Information provided:

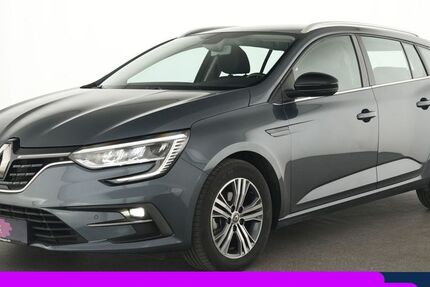 Renault Megane 13.495 km 23.941 &euro; Neuss 41460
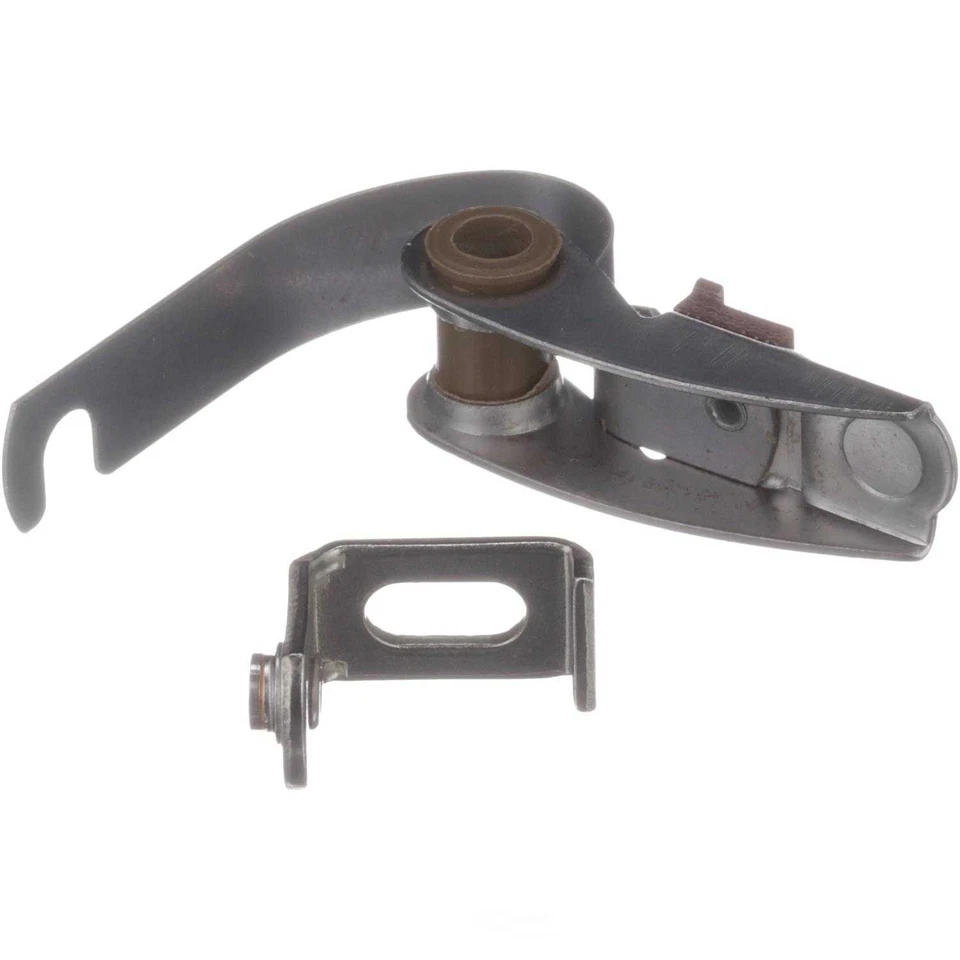 Standard IH2958T Quality Ignition Contact Set - Image 1 of 1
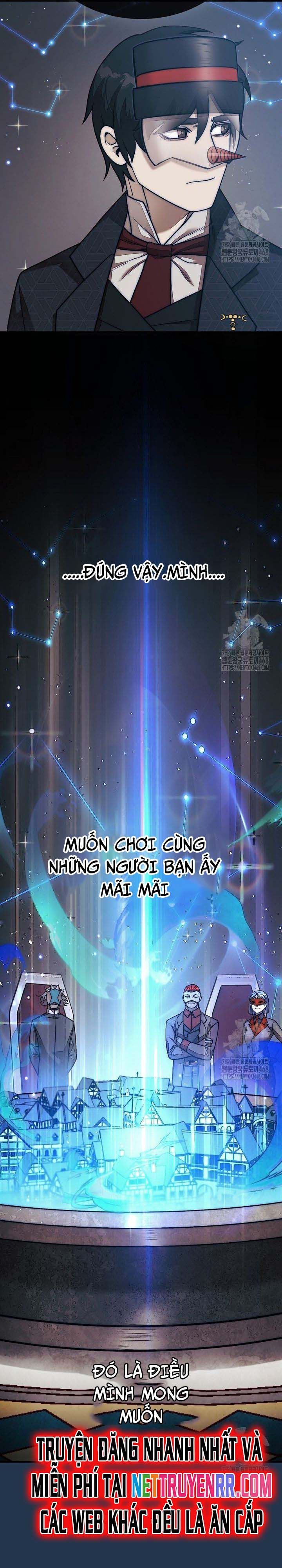 đọc truyện Quân Cờ Thứ 31 Lật Ngược Ván Cờ Chương 80 ảnh 22 tại Truyện Dạ Ký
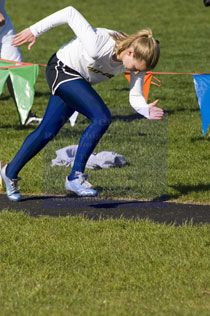 2008-05-27_18-04-48.jpg
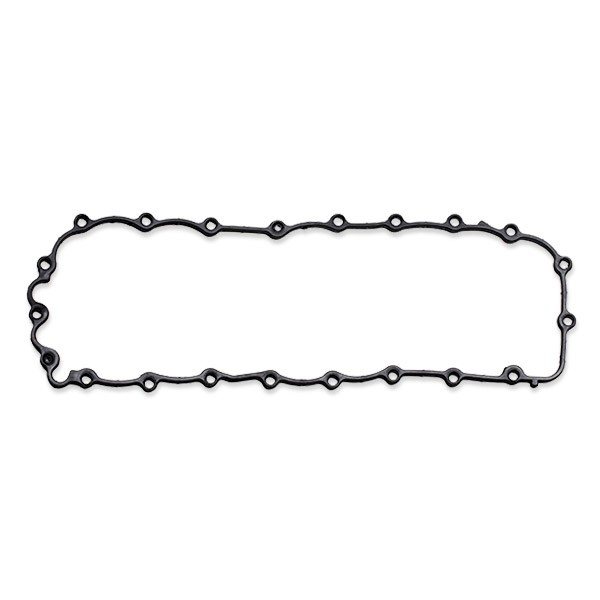RIDEX Ölwannendichtung OPEL,RENAULT,NISSAN 455G0003 1151567JG0,1151567JG1000,7700114424 Dichtung, Ölwanne 1152984CA0,009108218,009110981,1112100QAD von RIDEX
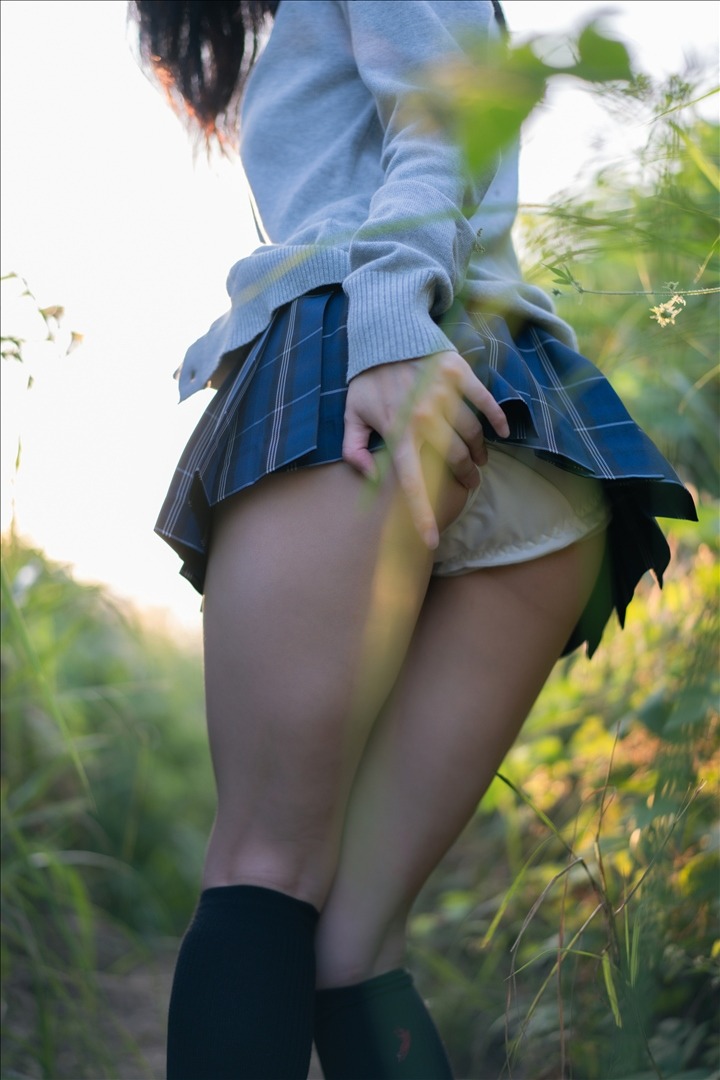 桃良阿宅---外出JK-43P-43P-18548-MB-20240809m-08-10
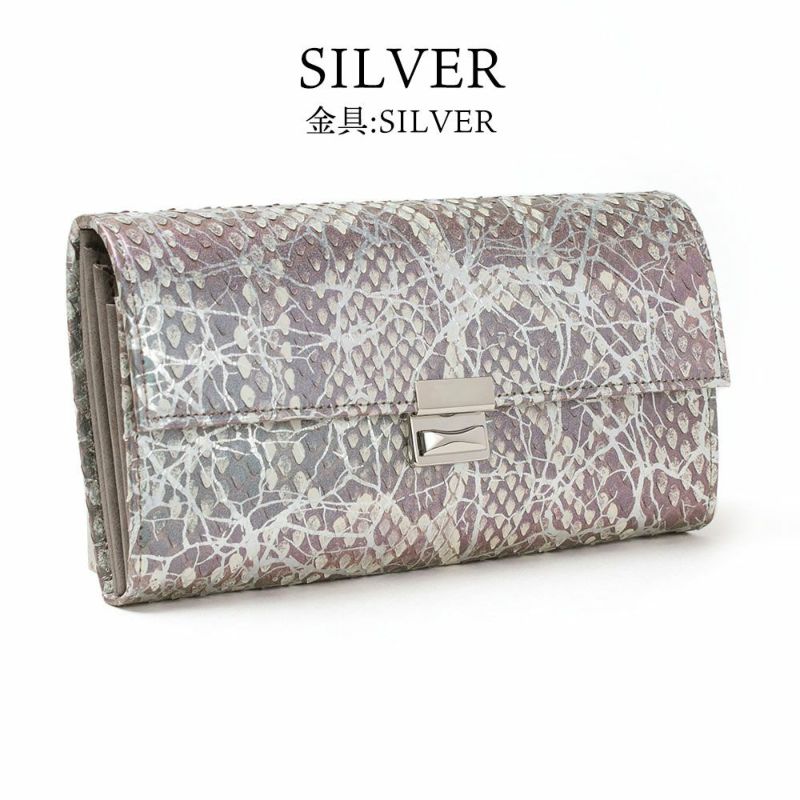 KINTSUGI＿マルタ＿シルバー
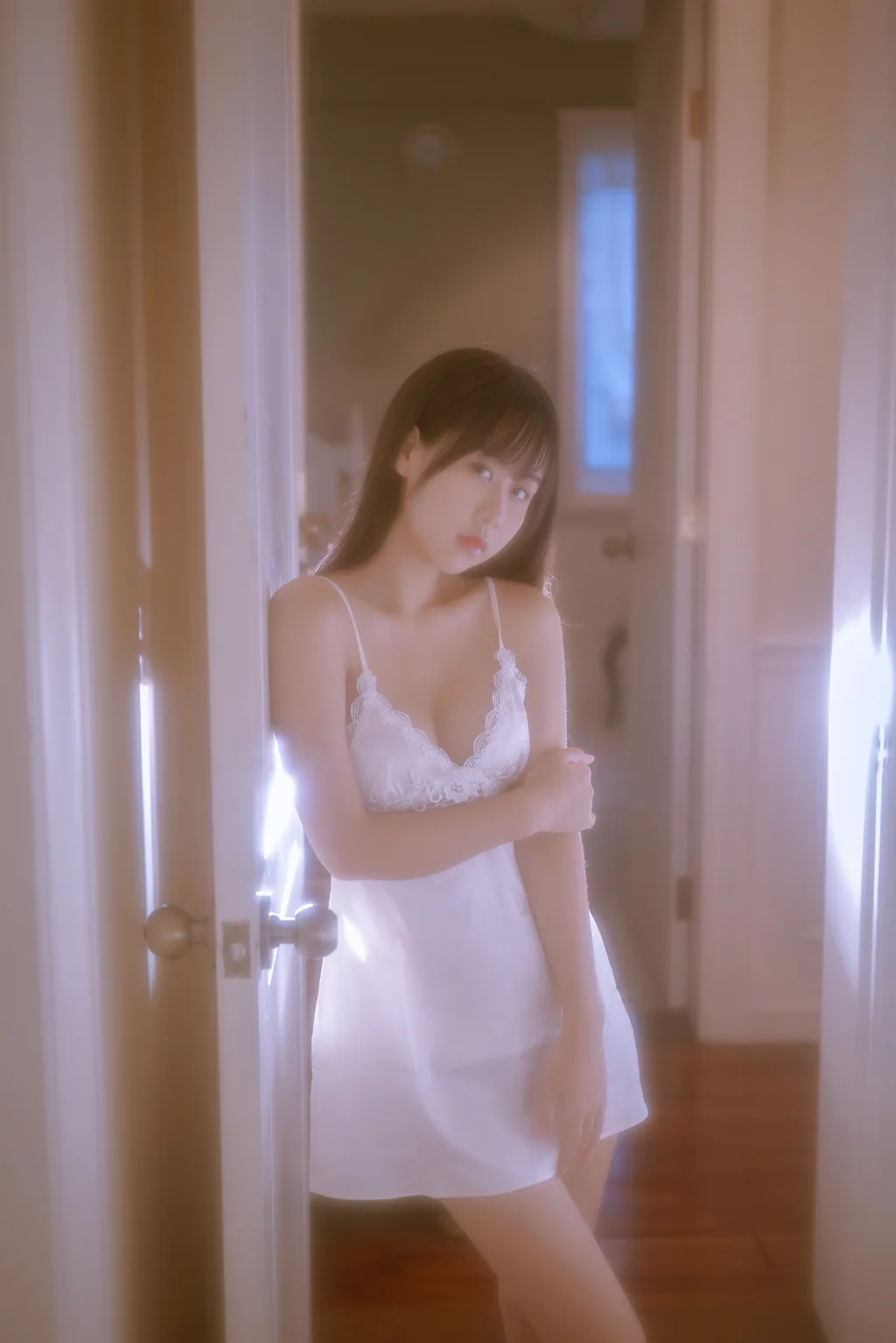 图片[3]-[YITUYU艺图语]2023.03.01 遐想 萌芽儿o0[27+1P/632MB]-美图
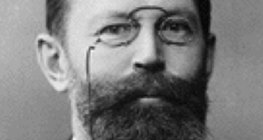 Hermann Emil Fischer (1852.-1919.)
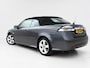 Saab 9-3 Cabrio 1.8t Linear | Airco | Leder | PDC | Stoelverwarming |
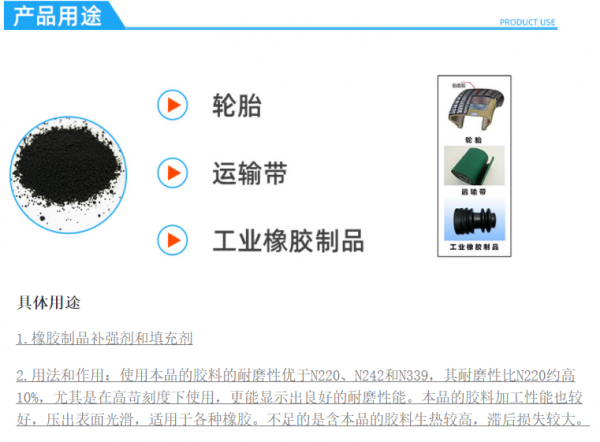 1645576890(1).png
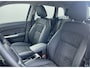 Suzuki Vitara 1.4 Boosterjet Smart Hybrid Style AUTOMAAT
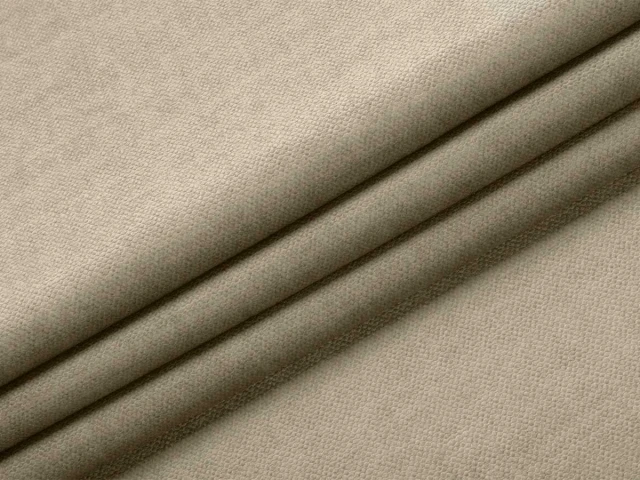 Topaz (Топаз) 05 Бежево-серый 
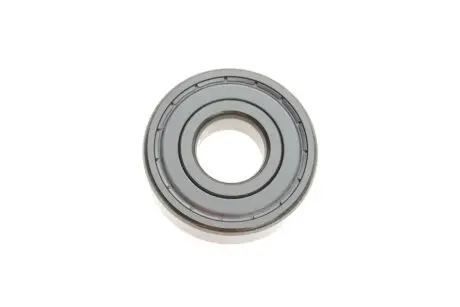 Подшипник (20x52x15) SKF 6304-2Z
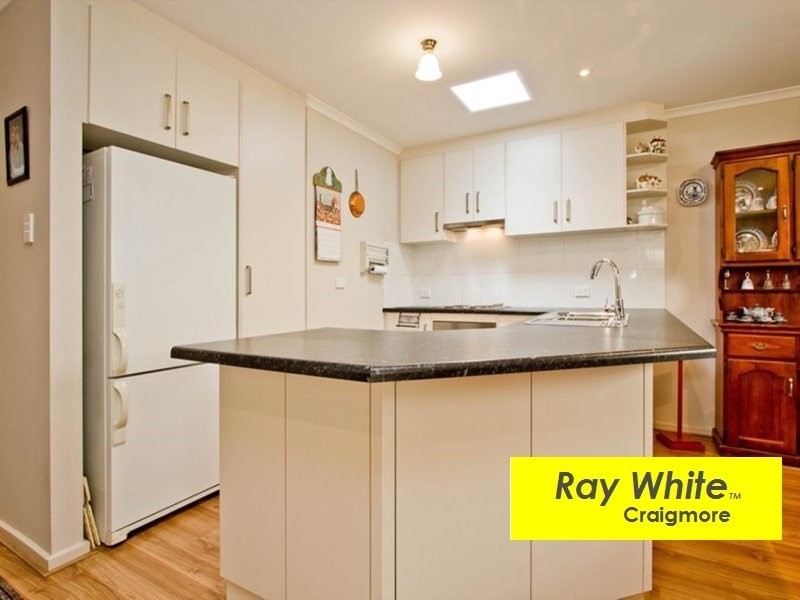 3/70 Chellaston Road, Munno Para West SA 5115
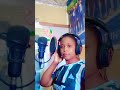 Alie Mlondo 2024 Album Isigodo Sezambiya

Requirement:
The expected output is the exact run of lines from the one containing "KINTSUGI＿マルタ＿シルバー" through the final line of the data above, both ends included, with no pictures.

Response:
 KINTSUGI＿マルタ＿シルバー
 图片[3]-[YITUYU艺图语]2023.03.01 遐想 萌芽儿o0[27+1P/632MB]-美图
 Hermann Emil Fischer (1852.-1919.)
 Saab 9-3 Cabrio 1.8t Linear | Airco | Leder | PDC | Stoelverwarming |
 1645576890(1).png
 Suzuki Vitara 1.4 Boosterjet Smart Hybrid Style AUTOMAAT
 Topaz (Топаз) 05 Бежево-серый 
 Подшипник (20x52x15) SKF 6304-2Z
 3/70 Chellaston Road, Munno Para West SA 5115
 Alie Mlondo 2024 Album Isigodo Sezambiya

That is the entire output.